Far from a romanticised meadow type set up where beautiful flowers effortlessly self-sow into existence, complete with elegant, unhurried pickers in straw hats, frolicking children and general placidness all round, ours has been a story we have had to be stronger than. Farming has been harder than I ever could imagine, and not as such. The physical demands I have mastered, the mental demands I am working on. Rather it’s the commercial realities of small scale farming, diversified crops and ornamentals ones at that, and their labour intensiveness – in a rural location far from an urban and critical mass – that have tested our mettle over the years.
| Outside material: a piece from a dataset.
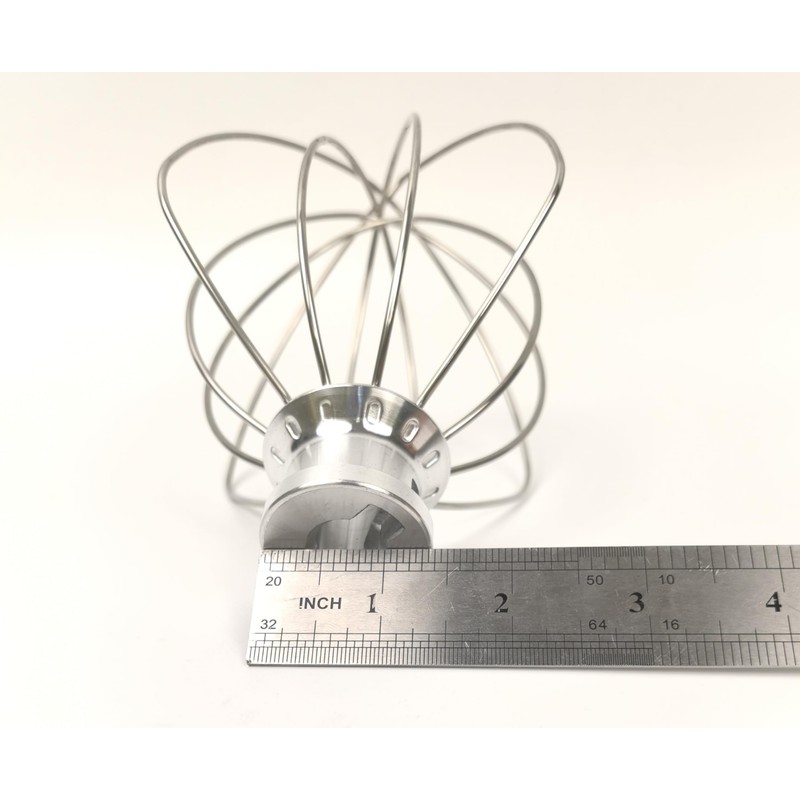 63227 For Hamilton Beach Wire Whisk for Eclectrics All-Metal Stand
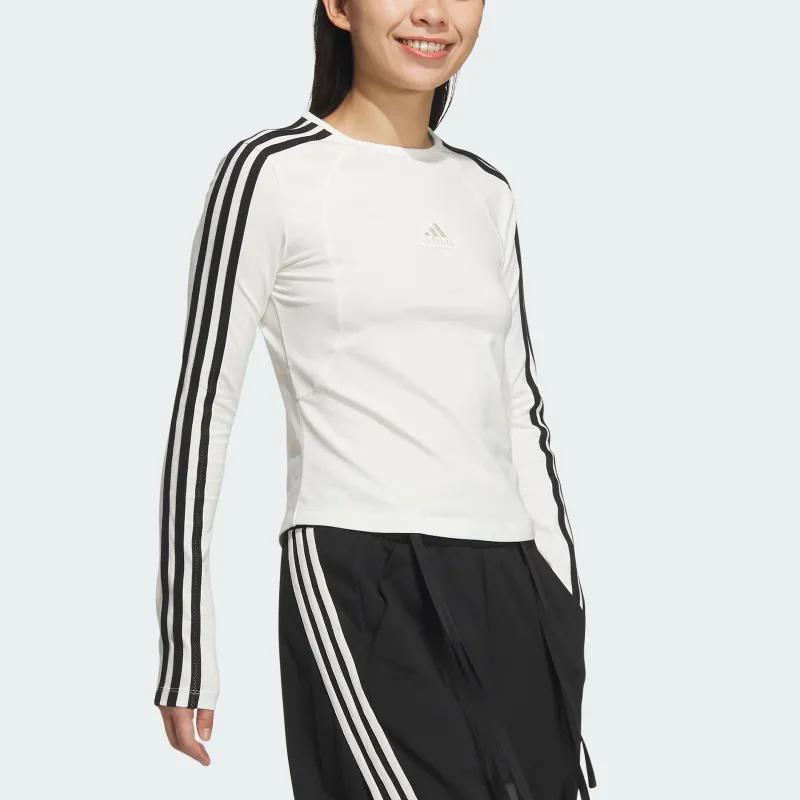 Adidas FW24 T Shirt Women's White-3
For a while after we first got started it made more sense to grow and sell wholesale to other florists up and down the country at least in part, with the consequent infrastructure and logistics that that entailed, but we have well and truly wound our way back to our founding principles, and those of the authentic farmer-florist.

I have also heard it said that owning one’s story is one way of staying sane.

Our children have almost come of age and have done so on this very field I’m writing of. They will go off into the world in a matter of years with a vast knowledge of cut flowers and more importantly, an appreciation of the kind of work ethic farming such precocious and fleeting creatures demands. How this’ll serve them in their lives or if it’ll find application at all remains to be seen. Perhaps there is comfort to be found in simply claiming our story as truly ours, and the fact we have, all of us, been surrounded by immense beauty for what it’s worth.

All the while my husband and I have found peace in staying put and growing roots, too – on this field and in our community, after many years of seeking and roaming. We might very well be Marlburians and flower farmers for life.

Personally, my existence has been enriched immensely, in an untold number of ways. The flowers have played their part, it is true, but it is farming that has made me who I am. My politics, for one thing, are largely defined by my experiences on this field, by way of dirty hands so to speak. My interest in and commitment to organics, though tested thoroughly, has only been fuelled and made more sincere. Spiritually I have had to dig deep and often, and I think in coming to understand that gardening is truly a higher art my intellect has swelled and soared, too. I appreciate now what the American poet and farmer, Wendell Berry means when he claims the ultimate product of a season’s toil is the farmer’s mind. Perhaps more so even than her crops.

A great many souls have made a contribution on this field and shared in the Verve. Quite a few have probably left stirred, a little changed even. There have been employees, volunteers, overseas visitors, gardening clubs, neighbours and many a customer who have, in turn, touched us in many and important ways, too. For giving us a chance, for wanting us to succeed, for loving flowers and for valuing our work… we are deeply grateful to you all.